[Opening Listed entries section]
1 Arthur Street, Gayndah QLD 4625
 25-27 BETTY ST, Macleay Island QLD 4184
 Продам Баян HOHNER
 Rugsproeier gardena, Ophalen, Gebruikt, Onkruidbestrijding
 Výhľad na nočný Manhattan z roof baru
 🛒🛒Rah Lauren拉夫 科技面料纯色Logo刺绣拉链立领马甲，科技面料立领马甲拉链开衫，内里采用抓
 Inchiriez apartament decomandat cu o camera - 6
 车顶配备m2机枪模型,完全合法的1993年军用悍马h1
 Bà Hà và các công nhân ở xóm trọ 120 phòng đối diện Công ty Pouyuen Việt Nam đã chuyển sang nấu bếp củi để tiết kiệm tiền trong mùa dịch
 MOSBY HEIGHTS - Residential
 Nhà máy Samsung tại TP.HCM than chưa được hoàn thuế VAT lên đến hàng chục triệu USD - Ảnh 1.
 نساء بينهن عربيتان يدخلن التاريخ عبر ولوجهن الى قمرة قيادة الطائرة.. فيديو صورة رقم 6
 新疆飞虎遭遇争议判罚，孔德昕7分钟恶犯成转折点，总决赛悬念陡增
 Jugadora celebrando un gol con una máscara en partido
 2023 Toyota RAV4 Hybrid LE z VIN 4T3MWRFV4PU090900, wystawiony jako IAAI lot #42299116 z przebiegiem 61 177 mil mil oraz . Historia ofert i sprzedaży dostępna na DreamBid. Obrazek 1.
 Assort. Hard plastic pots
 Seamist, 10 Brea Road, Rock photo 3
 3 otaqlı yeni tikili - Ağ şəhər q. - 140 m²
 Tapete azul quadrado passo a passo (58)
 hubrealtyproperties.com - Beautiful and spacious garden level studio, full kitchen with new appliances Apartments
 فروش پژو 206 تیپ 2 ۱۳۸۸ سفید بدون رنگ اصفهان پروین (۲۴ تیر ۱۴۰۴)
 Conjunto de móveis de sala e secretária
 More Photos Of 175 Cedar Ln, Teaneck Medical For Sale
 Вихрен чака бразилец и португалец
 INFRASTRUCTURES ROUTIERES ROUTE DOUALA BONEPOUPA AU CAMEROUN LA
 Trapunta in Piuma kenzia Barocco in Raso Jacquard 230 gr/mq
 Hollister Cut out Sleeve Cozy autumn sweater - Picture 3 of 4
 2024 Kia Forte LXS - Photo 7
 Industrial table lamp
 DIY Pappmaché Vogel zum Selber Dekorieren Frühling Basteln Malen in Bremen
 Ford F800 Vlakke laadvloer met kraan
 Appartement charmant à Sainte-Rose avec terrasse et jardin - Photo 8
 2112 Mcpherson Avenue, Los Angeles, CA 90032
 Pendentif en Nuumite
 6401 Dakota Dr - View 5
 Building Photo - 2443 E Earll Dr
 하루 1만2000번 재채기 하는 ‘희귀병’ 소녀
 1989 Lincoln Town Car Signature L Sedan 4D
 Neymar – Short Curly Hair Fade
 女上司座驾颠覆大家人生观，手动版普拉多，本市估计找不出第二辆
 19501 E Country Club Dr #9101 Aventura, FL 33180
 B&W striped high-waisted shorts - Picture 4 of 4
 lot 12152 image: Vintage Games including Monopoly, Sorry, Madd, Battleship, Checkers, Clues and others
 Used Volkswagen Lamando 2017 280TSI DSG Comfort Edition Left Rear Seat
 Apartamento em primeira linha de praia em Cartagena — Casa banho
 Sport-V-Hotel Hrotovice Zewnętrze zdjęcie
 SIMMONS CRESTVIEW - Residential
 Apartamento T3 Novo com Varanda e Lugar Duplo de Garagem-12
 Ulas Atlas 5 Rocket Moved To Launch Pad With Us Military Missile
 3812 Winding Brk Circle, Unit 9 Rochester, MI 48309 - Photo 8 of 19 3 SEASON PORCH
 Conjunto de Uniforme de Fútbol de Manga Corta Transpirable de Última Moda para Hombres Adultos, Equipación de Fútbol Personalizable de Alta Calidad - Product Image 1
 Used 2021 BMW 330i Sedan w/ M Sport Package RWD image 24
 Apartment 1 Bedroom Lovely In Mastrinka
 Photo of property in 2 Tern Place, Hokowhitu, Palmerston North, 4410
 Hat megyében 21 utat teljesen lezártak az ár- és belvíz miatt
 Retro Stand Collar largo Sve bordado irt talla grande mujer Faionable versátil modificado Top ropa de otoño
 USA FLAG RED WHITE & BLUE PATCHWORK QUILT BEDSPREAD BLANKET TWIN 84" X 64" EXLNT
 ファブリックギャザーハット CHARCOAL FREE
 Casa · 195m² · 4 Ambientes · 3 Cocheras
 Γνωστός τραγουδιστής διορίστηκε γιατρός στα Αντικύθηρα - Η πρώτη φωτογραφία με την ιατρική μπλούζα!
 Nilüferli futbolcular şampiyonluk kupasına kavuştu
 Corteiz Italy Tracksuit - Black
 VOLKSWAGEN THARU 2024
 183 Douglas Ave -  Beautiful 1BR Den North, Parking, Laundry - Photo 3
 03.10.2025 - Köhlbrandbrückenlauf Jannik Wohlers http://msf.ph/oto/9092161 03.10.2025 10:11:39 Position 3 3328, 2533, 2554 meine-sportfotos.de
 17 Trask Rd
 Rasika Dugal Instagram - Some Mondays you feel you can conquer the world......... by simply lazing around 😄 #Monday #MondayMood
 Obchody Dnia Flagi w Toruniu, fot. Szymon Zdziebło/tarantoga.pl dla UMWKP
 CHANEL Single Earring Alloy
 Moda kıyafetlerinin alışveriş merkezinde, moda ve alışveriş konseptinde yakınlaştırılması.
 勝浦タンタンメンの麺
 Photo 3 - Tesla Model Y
[Closing Listed entries section]
With nothing omitted, set down all of the records again.

1 Arthur Street, Gayndah QLD 4625
 25-27 BETTY ST, Macleay Island QLD 4184
 Продам Баян HOHNER
 Rugsproeier gardena, Ophalen, Gebruikt, Onkruidbestrijding
 Výhľad na nočný Manhattan z roof baru
 🛒🛒Rah Lauren拉夫 科技面料纯色Logo刺绣拉链立领马甲，科技面料立领马甲拉链开衫，内里采用抓
 Inchiriez apartament decomandat cu o camera - 6
 车顶配备m2机枪模型,完全合法的1993年军用悍马h1
 Bà Hà và các công nhân ở xóm trọ 120 phòng đối diện Công ty Pouyuen Việt Nam đã chuyển sang nấu bếp củi để tiết kiệm tiền trong mùa dịch
 MOSBY HEIGHTS - Residential
 Nhà máy Samsung tại TP.HCM than chưa được hoàn thuế VAT lên đến hàng chục triệu USD - Ảnh 1.
 نساء بينهن عربيتان يدخلن التاريخ عبر ولوجهن الى قمرة قيادة الطائرة.. فيديو صورة رقم 6
 新疆飞虎遭遇争议判罚，孔德昕7分钟恶犯成转折点，总决赛悬念陡增
 Jugadora celebrando un gol con una máscara en partido
 2023 Toyota RAV4 Hybrid LE z VIN 4T3MWRFV4PU090900, wystawiony jako IAAI lot #42299116 z przebiegiem 61 177 mil mil oraz . Historia ofert i sprzedaży dostępna na DreamBid. Obrazek 1.
 Assort. Hard plastic pots
 Seamist, 10 Brea Road, Rock photo 3
 3 otaqlı yeni tikili - Ağ şəhər q. - 140 m²
 Tapete azul quadrado passo a passo (58)
 hubrealtyproperties.com - Beautiful and spacious garden level studio, full kitchen with new appliances Apartments
 فروش پژو 206 تیپ 2 ۱۳۸۸ سفید بدون رنگ اصفهان پروین (۲۴ تیر ۱۴۰۴)
 Conjunto de móveis de sala e secretária
 More Photos Of 175 Cedar Ln, Teaneck Medical For Sale
 Вихрен чака бразилец и португалец
 INFRASTRUCTURES ROUTIERES ROUTE DOUALA BONEPOUPA AU CAMEROUN LA
 Trapunta in Piuma kenzia Barocco in Raso Jacquard 230 gr/mq
 Hollister Cut out Sleeve Cozy autumn sweater - Picture 3 of 4
 2024 Kia Forte LXS - Photo 7
 Industrial table lamp
 DIY Pappmaché Vogel zum Selber Dekorieren Frühling Basteln Malen in Bremen
 Ford F800 Vlakke laadvloer met kraan
 Appartement charmant à Sainte-Rose avec terrasse et jardin - Photo 8
 2112 Mcpherson Avenue, Los Angeles, CA 90032
 Pendentif en Nuumite
 6401 Dakota Dr - View 5
 Building Photo - 2443 E Earll Dr
 하루 1만2000번 재채기 하는 ‘희귀병’ 소녀
 1989 Lincoln Town Car Signature L Sedan 4D
 Neymar – Short Curly Hair Fade
 女上司座驾颠覆大家人生观，手动版普拉多，本市估计找不出第二辆
 19501 E Country Club Dr #9101 Aventura, FL 33180
 B&W striped high-waisted shorts - Picture 4 of 4
 lot 12152 image: Vintage Games including Monopoly, Sorry, Madd, Battleship, Checkers, Clues and others
 Used Volkswagen Lamando 2017 280TSI DSG Comfort Edition Left Rear Seat
 Apartamento em primeira linha de praia em Cartagena — Casa banho
 Sport-V-Hotel Hrotovice Zewnętrze zdjęcie
 SIMMONS CRESTVIEW - Residential
 Apartamento T3 Novo com Varanda e Lugar Duplo de Garagem-12
 Ulas Atlas 5 Rocket Moved To Launch Pad With Us Military Missile
 3812 Winding Brk Circle, Unit 9 Rochester, MI 48309 - Photo 8 of 19 3 SEASON PORCH
 Conjunto de Uniforme de Fútbol de Manga Corta Transpirable de Última Moda para Hombres Adultos, Equipación de Fútbol Personalizable de Alta Calidad - Product Image 1
 Used 2021 BMW 330i Sedan w/ M Sport Package RWD image 24
 Apartment 1 Bedroom Lovely In Mastrinka
 Photo of property in 2 Tern Place, Hokowhitu, Palmerston North, 4410
 Hat megyében 21 utat teljesen lezártak az ár- és belvíz miatt
 Retro Stand Collar largo Sve bordado irt talla grande mujer Faionable versátil modificado Top ropa de otoño
 USA FLAG RED WHITE & BLUE PATCHWORK QUILT BEDSPREAD BLANKET TWIN 84" X 64" EXLNT
 ファブリックギャザーハット CHARCOAL FREE
 Casa · 195m² · 4 Ambientes · 3 Cocheras
 Γνωστός τραγουδιστής διορίστηκε γιατρός στα Αντικύθηρα - Η πρώτη φωτογραφία με την ιατρική μπλούζα!
 Nilüferli futbolcular şampiyonluk kupasına kavuştu
 Corteiz Italy Tracksuit - Black
 VOLKSWAGEN THARU 2024
 183 Douglas Ave -  Beautiful 1BR Den North, Parking, Laundry - Photo 3
 03.10.2025 - Köhlbrandbrückenlauf Jannik Wohlers http://msf.ph/oto/9092161 03.10.2025 10:11:39 Position 3 3328, 2533, 2554 meine-sportfotos.de
 17 Trask Rd
 Rasika Dugal Instagram - Some Mondays you feel you can conquer the world......... by simply lazing around 😄 #Monday #MondayMood
 Obchody Dnia Flagi w Toruniu, fot. Szymon Zdziebło/tarantoga.pl dla UMWKP
 CHANEL Single Earring Alloy
 Moda kıyafetlerinin alışveriş merkezinde, moda ve alışveriş konseptinde yakınlaştırılması.
 勝浦タンタンメンの麺
 Photo 3 - Tesla Model Y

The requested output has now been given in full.